No estás solo: contigo habitan tus ruinas
No estás solo: contigo habitan tus ruinas. No esas ruinas que la gente fotografía en ciudades abandonadas, sino las que se arrastran adentro, las que respiran en los pasillos húmedos de tu memoria y mastican tu saliva cuando intentas dormir. Son ruinas que sudan, que se te pegan a los huesos como perros flacos; ruinas que se despiertan antes que tú, se sientan a la mesa, comen de tu plato y esperan pacientemente a que termines para lamer lo que sobra de ti. No las puedes desalojar: en cada intento por expulsarlas se reproducen, se multiplican como insectos en una lámpara que ilumina de noche.
Caminas y cada paso abre un ruido, como si el suelo de tu cuerpo se quebrara en cámara lenta. Todo cruje, todo cede, pero nada termina de derrumbarse. Un edificio suspendido en el segundo exacto de la explosión, congelado en la belleza del colapso. Y ahí estás: vivo, sí, pero rodeado por un derrumbe perpetuo que nunca se digna a completarse.
Tus ruinas no son pasado ni recuerdo: son ahora. Te escoltan como un coro de sombras que no canta, pero respira. Entras en una habitación y ellas entran contigo, se sientan en la silla, se recuestan en la cama, te siguen al baño y se ríen cuando abres la llave del agua. Nunca se cansan.

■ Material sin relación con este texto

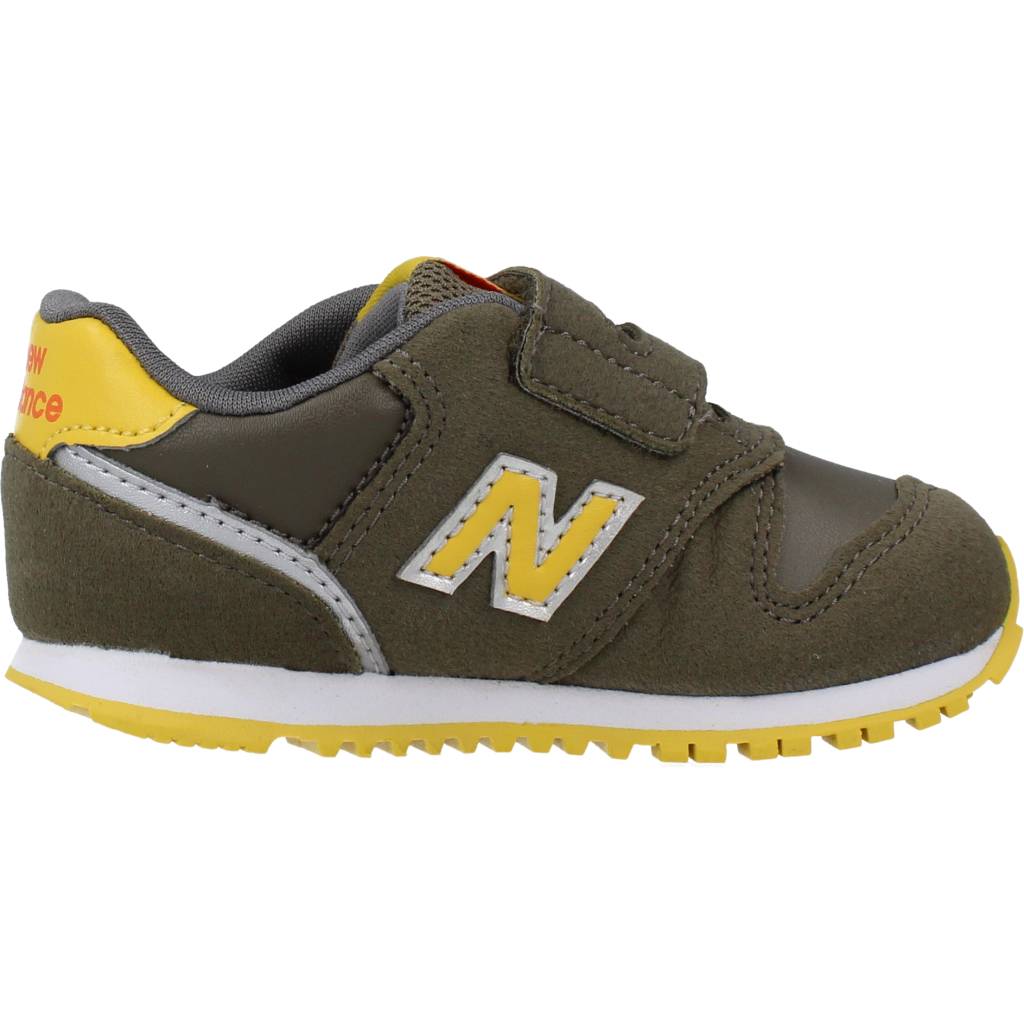 NEW BALANCE XG HOOK AND LOOP en color VERDE (4)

Nunca se duermen. A veces parecen tener ternura: te acarician en la frente como una madre enferma, pero enseguida aprietan la mano hasta asfixiarte.
Tu vida es un museo en ruinas, y tú eres el guardián condenado a no cerrarlo jamás. Hay pasillos donde las paredes rezuman humedad, vitrinas con cristales rotos que reflejan tu rostro desfigurado, cuadros torcidos que te observan con ojos desteñidos. El aire huele a polvo, pero un polvo vivo, un polvo que se mueve como un enjambre. En ese museo no hay visitantes: solo tú, caminando descalzo entre escombros invisibles, con el deber inútil de cuidar lo que ya está perdido.
Y aun así, sospechas que esas ruinas no son solo tuyas. Que llevan la huella de ciudades extinguidas, de templos incendiados, de huesos enterrados en algún desierto. Quizá eres apenas la superficie donde esas ruinas se alojan, un muro de alquiler donde lo destruido encuentra refugio. Te sobrepasa lo quebrado: las ruinas no son tuyas, tú eres de ellas.
Entonces recuerdas que lo roto vibra más que lo intacto. Lo que no funciona late más fuerte. Lo que está incompleto arde en cada esquina. Tus ruinas no se limitan a acompañarte: son tu música secreta, un jazz espectral que se cuela entre tus venas, improvisando con síncopas de polvo y silencios que se alargan como un saxofón borracho. De pronto, un golpe seco: una piedra cae, un muro se resquebraja, un silencio absoluto detiene la melodía. Y luego otra vez: el flujo, la respiración, la síncopa que te arrastra sin piedad.
A veces te preguntas si intentan decir algo, si guardan un lenguaje cifrado, un mensaje enterrado en su derrumbe. Pero no. Las ruinas no explican nada. Solo muestran, solo repiten, solo permanecen. Son la gramática rota de tu existencia, el eco de lo que nunca ocurrió. Y no hay traductor posible: solo el rumor de la caída.
La soledad nunca es un vacío. La soledad es un estadio lleno de ruinas gritándote en silencio. Y tú, en medio, sin micrófono, sin voz. Ellas hablan por ti con su ruido apagado. Te acompañan como un cortejo fúnebre que nunca cesa, como una procesión interminable donde tú eres a la vez el muerto y el espectador.
No estás solo: contigo habitan tus ruinas. No las odies. No las ames. Déjalas respirar contigo, porque ellas son tu única multitud verdadera. Tu cuerpo no es un templo, es un andamio oxidado que insiste en sostener lo insostenible. Y cada día, con cada palabra que dices, con cada gesto mínimo que repites, otra piedra se desprende, otra grieta se abre, otro polvo se levanta.
Y entonces lo entiendes: el derrumbe eres tú. Las ruinas no te acompañan, te poseen. Y en el instante en que crees estar más solo, más deshabitado, escuchas el rumor inconfundible de su respiración. Allí, en ese murmullo de piedras, en esa música de polvo suspendido, descubres que nunca estarás solo. Nunca.